Saat disinggung pihak yang diduga terlibat dalam kasus ini adalah Idrus dan Sofyan, Saut menjawab diplomatis. Menurut Saut, pihaknya tak boleh menyebut nama yang diduga terlibat sampai nanti diumumkan dalam jumpa pers secara resmi.

"Tidak boleh menyebut sampai nanti kami umumkan pada saatnya," ujarnya.

Saut pun tak ambil pusing dengan bantahan perusahaan Blackgold, yang menyatakan tak terlibat dalam kasus dugaan suap proyek PLTU Riau-I itu. Saut meminta perusahaan tambang itu menyampaikan sanggahannya dalam persidangan nanti.

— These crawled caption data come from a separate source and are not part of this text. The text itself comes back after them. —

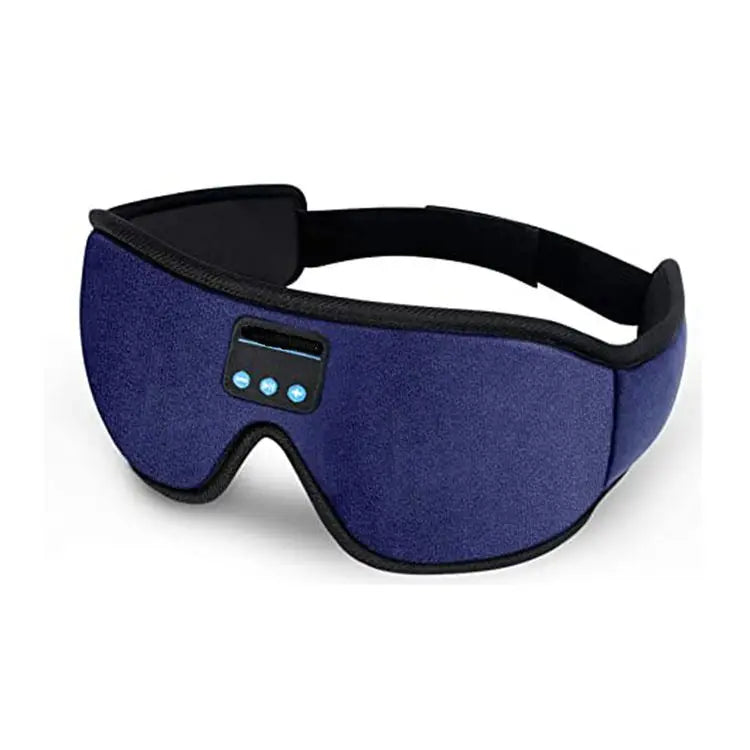 Bluetooth Sleep Headphones Eye Mask – Comfort, Music &amp; Deep Sleep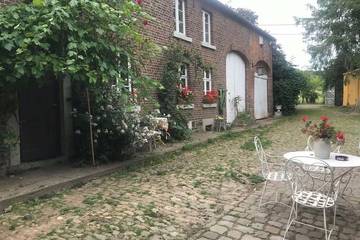 Maison d’hôte pour 4 personnes, avec jardin à Dalhem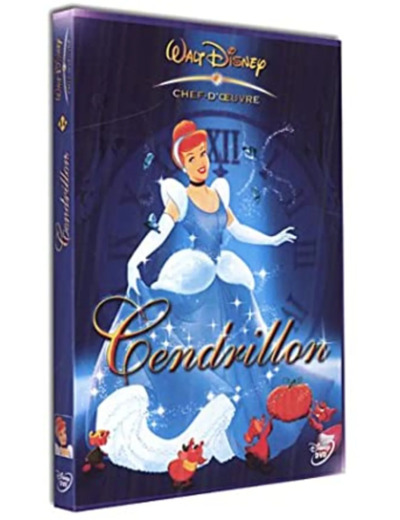 Dvd Cendrillon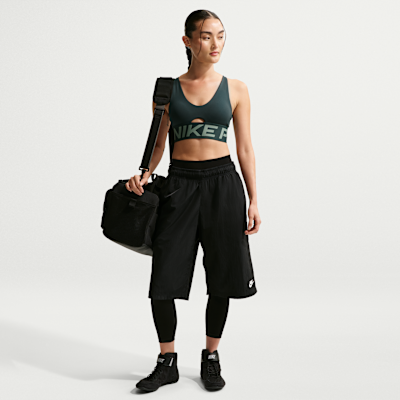 나이키 프로 인디 플런지 여성 미디엄 서포트 패드 스포츠 브라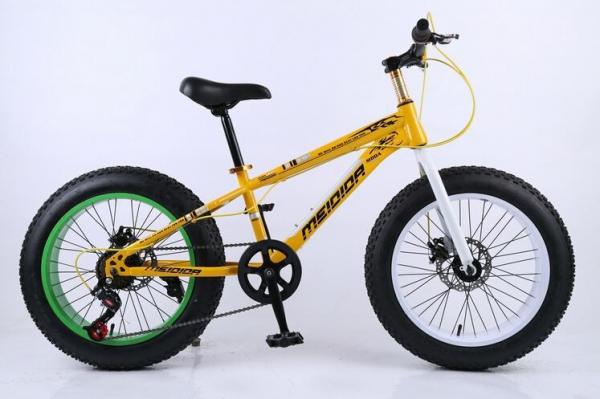 Steel Frame 21 Speed 26 Inch Electric Fat Bike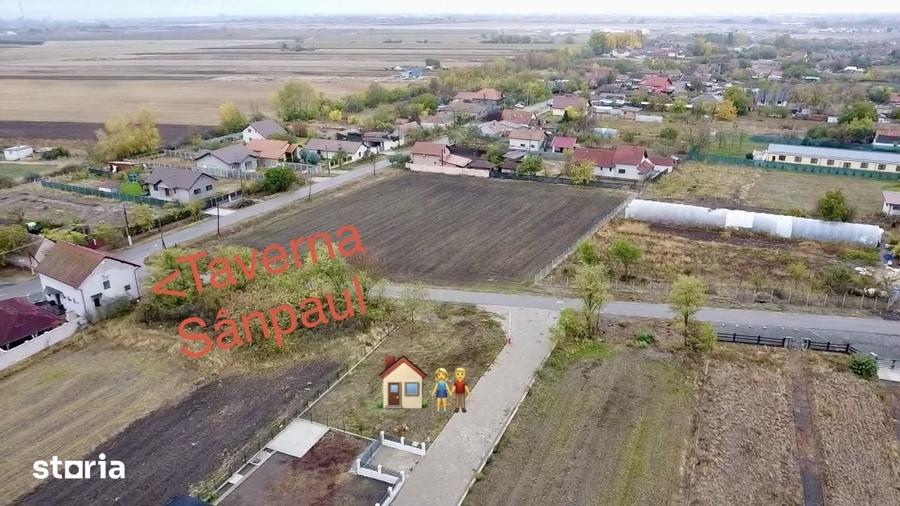 Teren de 240 mp, în Șofronea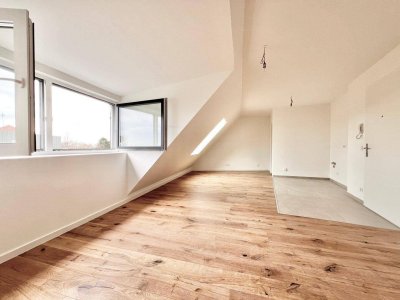 NÄHE U2: ERSTBEZUG IN GRÜNRUHELAGE I Balkon, Terrasse oder Garten I Aufzug I Fußbodenheizung &amp; Kühlung I Luft-Wasser-Wärmepumpe I elektrische Raffstores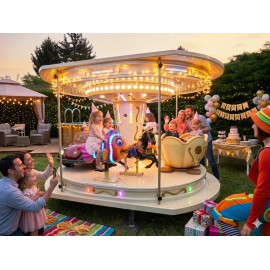 Location Manège à Lyon - Manège de voitures - auto tamponneuse - moto - Quads - 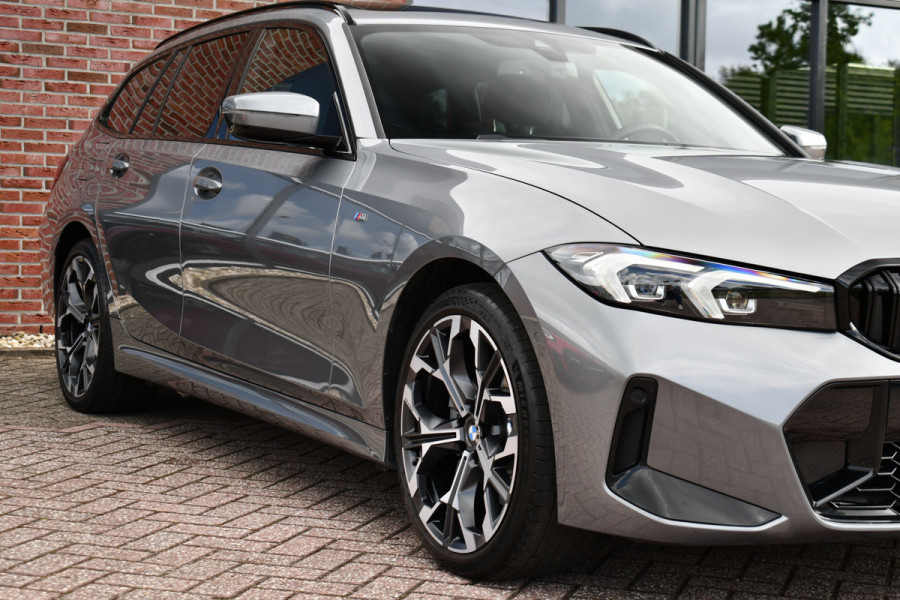 BMW 3 Serie Touring 330e xDrive M-Sport Pano 19inch El-zetels HUD 360-cam LCI-2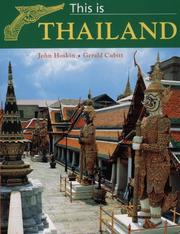 Cover of: This Is Thailand
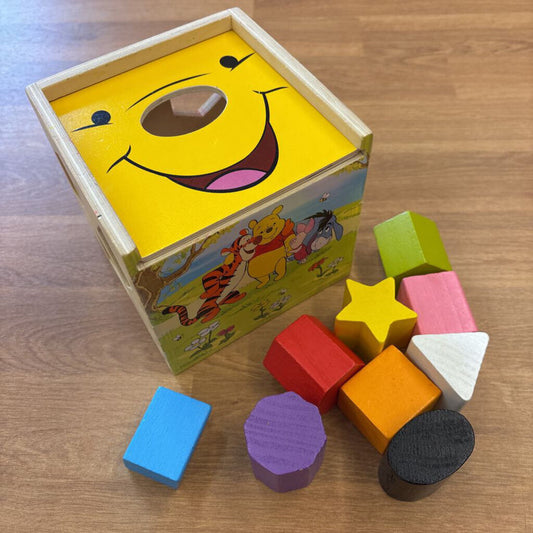 Melissa & Doug Pooh Sorting Box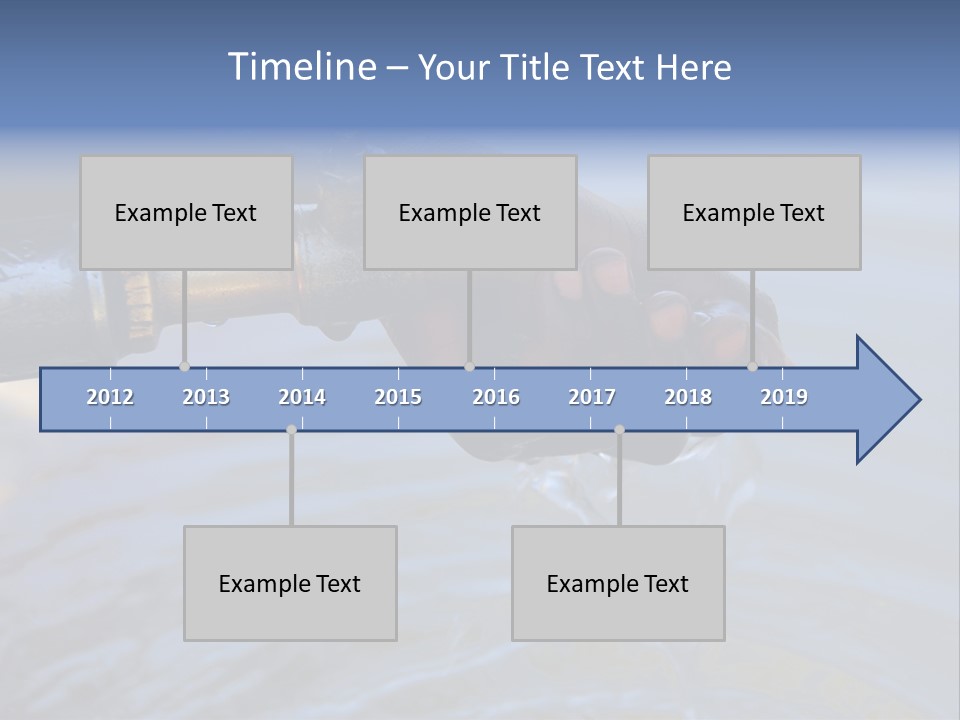 Thirst In Africa PowerPoint Template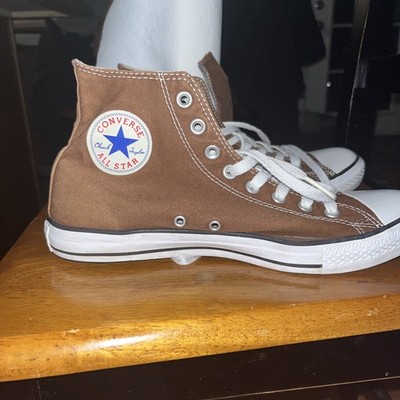 NEW Converse Chuck Taylor All Star Pro Mid Brown Canvas Mens Size 10 A04601C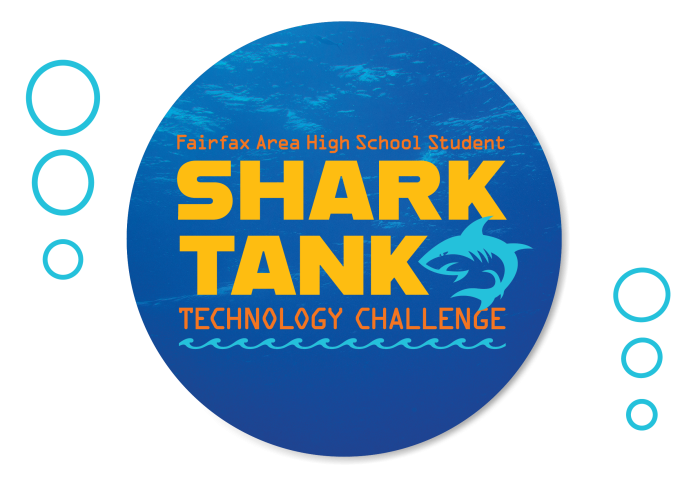 Shark Tank logo decorative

"Oh itu ya, debatnya nanti aja di pengadilan," kata dia.

Idrus sendiri bakal kembali diperiksa pada Kamis (26/7). Ia bakal dikorek keterangannya sebagai saksi untuk dua tersangka. Mantan Sekretaris Jenderal Partai Golkar era Setya Novanto menjabat ketum itu berjanji bakal memenuhi panggilan keduanya sebagai saksi dalam kasus dugaan suap ini.

"Akhirnya disepakati penyidiknya dengan memberikan waktu kepada saya untuk memberikan penjelasan tambahan sebagai saksi dan Insyaallah hari Kamis saya sudah janji [untuk melanjutkan pemeriksaan]," kata Idrus, di Istana Bogor, Selasa (24/7).